Rumors and reality, entirely different things

Published 12:49 pm Wednesday, November 12, 2003

By By Connie Nowlin Managing editor
It never fails to amaze me that the hardest thing to kill is a rumor. Well, a rumor and a cockroach, but that is another column.
Here's what happens. Someone is passing through on I-65, and stops for fuel at the 54 exit. Guy who takes the payment notices the Six Flags T-shirt the driver is wearing and asks, 'So, you work for Six Flags or something?' and the driver says, 'Yeah, in real estate.' Guy who works at the gas station says, 'Atmore would be a real good place for a Six Flags.'
The driver wants to be polite, so he says, 'Yeah, sure would.'
So, after the car is back on the interstate, the guy who works at the station is telling everyone that someone who works at Six Flags was in Atmore, scouting locations.
So the next week, every one in town is speculating on where the theme park will be built, and when.

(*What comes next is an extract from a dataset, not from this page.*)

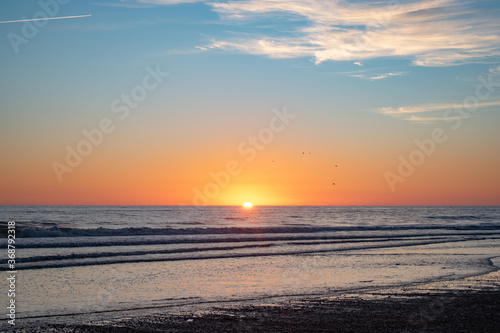 sunset on the beach © mmk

The driver of the car probably bought the T-shirt at a yard sale.
But the rumor will go on for the next 20 years or so.
Meanwhile, though, here is some economic news you can take to the bank.
Whether it has anything to do with the federal administration is anyone's guess, but the economy is starting to show signs of life.
The gross national product is up, the amount of goods made in the nation's plants is up, the stock market is stable and the job market has improved.
That is the national picture.
But in Atmore, there are stirrings as well.
A former 7-11 store is being renovated to be a distribution warehouse.
Maxwell, Haley and Castleberry is undergoing an exterior face lift.
Suds N Duds is getting ready to move into new digs in the old Pleasant Trees building.
Dean's Drive-in is getting a new paint job.
Now, none of these will replace the jobs lost when Vanity Fair closed, but everything has to start somewhere. Any sign of business doing better is a good sign. And paint and bigger, newer buildings are also good signs.
It means that those businesses are making a little money and intend to be in business long enough to make back the investments being made.
So what can you do to help spur this town?
Shop at home, whether for a bottle of aspirin or a new car. Every thing helps.
Sure, there are things you can't get here, but as long as you continue to buy out of town, nothing will change. To create more jobs, make more money float around and roll over in the economy here by spending it here first.
It will work. The town can come back. Not overnight, for sure. It won't be fun or easy. It will require leadership and patience and perseverance.
But I don't believe it is all over for this town, either, in spite of the rumors.